There are cases when there is a requirement to add additional data, perhaps meta-data to the destination dataset that is being added to Snowflake without modifying the original source data file. Perhaps you need to include the source file name, source file created timestamp or any details that may be useful to you for enriching the dataset.

Solution

The Data Loader has two switches when used together to accomplish this capability:

--addditional_headers accepts a list (i.e. file_name file_date file_size) which are delimited by a space and is used to add column(s) to your destination dataset
--additional_content accepts a list (i.e… data1.csv 11-01-2021 4GB) which are delimited by a space and is used to add value(s) to your destination dataset

When the switches are used together, the number of list values provided to each switch must match. Meaning that if you provide 3 columns to the additional_headers switch then you must also provide 3 values to the additional_content switch.

Example 1 - running from command prompt / shell


flowobjects_data_loader.exe --file data.csv  --sf_username FLOWOBJECTS --sf_database FLOWOBJECTS --sf_schema PARKING_TICKET_EDW --sf_warehouse DEMO_WH --sf_role SYSADMIN --sf_table FACT_PARKING_TICKET --sf_file_format PARKING_TICKET_EDW.FF_CSV --sf_stage_type TABLE   --synchronous --additional_headers FILE_NAME --additional_content 'data1.csv'

Note: `--sf_account` and `--sf_password` switches are not provided in above example cli usage as they are being read from their environment variable equivalents.

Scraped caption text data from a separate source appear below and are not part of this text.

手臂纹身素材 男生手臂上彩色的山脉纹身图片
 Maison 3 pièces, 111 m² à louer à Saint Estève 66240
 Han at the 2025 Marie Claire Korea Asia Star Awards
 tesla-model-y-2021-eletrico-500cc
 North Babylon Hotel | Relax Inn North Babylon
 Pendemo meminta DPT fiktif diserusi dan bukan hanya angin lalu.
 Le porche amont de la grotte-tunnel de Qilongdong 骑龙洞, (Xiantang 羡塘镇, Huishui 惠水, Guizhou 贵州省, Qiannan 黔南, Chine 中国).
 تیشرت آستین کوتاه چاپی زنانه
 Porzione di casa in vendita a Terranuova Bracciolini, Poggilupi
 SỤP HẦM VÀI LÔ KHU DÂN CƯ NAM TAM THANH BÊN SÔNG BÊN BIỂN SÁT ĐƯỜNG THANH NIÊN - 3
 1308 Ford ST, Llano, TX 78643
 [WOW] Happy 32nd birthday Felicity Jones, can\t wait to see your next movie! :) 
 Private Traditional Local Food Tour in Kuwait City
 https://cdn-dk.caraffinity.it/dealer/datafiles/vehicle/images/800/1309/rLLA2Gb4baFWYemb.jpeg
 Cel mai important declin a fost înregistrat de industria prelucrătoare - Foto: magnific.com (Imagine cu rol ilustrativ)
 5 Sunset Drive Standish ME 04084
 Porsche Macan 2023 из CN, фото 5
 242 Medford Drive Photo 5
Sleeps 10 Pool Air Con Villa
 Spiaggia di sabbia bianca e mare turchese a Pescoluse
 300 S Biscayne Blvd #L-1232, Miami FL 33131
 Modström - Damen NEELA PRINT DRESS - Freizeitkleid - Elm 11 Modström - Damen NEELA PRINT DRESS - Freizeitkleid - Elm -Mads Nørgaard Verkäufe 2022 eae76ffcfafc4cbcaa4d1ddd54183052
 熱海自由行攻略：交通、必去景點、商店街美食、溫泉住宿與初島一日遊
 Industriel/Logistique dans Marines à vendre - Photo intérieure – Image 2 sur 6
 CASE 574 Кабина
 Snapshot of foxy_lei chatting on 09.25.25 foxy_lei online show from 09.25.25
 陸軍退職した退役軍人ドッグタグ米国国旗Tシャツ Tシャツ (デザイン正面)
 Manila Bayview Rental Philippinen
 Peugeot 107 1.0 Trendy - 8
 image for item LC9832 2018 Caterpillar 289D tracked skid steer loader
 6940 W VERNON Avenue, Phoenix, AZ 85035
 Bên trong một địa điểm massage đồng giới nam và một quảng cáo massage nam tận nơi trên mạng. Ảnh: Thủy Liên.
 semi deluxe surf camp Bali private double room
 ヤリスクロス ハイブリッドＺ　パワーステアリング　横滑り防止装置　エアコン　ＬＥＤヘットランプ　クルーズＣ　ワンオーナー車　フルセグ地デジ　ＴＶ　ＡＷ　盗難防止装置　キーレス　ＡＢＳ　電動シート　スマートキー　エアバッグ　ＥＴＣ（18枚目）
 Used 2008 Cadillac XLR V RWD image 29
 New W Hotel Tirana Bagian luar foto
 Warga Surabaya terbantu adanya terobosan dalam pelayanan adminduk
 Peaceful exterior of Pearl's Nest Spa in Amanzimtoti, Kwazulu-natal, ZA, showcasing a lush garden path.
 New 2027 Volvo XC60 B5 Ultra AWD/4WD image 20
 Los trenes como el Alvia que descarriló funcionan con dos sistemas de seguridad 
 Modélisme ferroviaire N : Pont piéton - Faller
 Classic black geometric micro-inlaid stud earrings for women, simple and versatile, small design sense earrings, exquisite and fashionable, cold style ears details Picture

Example 2 - a Python application wrapper shelling out to run the Data Loader


#!/usr/bin/python
#
# Python snippet to shell out to run the Data Loader

command = 'flowobjects_data_loader.exe --file ' + source_file \
    + ' --sf_account ' + config_data['SNOWFLAKE_TGT_DB']['ACCOUNT'] \
    + ' --sf_username ' + config_data['SNOWFLAKE_TGT_DB']['USERNAME'] \
    + ' --sf_password ' + config_data['SNOWFLAKE_TGT_DB']['PASSWORD'] \
    + ' --sf_database ' + df['Target_DB'][i] + ' --sf_schema ' \
    + df['Target_schema'][i] + ' --sf_warehouse ' \
    + config_data['SNOWFLAKE_TGT_DB']['WAREHOUSE'] + ' --sf_role ' \
    + config_data['SNOWFLAKE_TGT_DB']['ROLE'] + ' --sf_table ' \
    + df['Table_Name'][i] + ' --sf_file_format ' + df['Target_DB'][i] \
    + '.CONTROL.PIPEDELIMITED_NOHEADER --sf_stage_type TABLE --remove_split_dir --use_upload_dir --synchronous' \
    + ' --additional_headers FILE_NAME FILE_CREATE_DT  --additional_content ' \
    + var_file_name + ' ' + var_date

result = subprocess.Popen(command, shell=True, stdout=subprocess.PIPE, stderr=subprocess.PIPE)
(out, err) = result.communicate()

Resulting COPY INTO query

The Data Loader knows to automatically generate the SQL for the copy into differently when using the switches additional_headers and additional_content from the normal copy into SQL that the Data Loader automatically generates as there is now an injection of additional information that is being added inline / on-the-fly without making any changes to your source data file(s).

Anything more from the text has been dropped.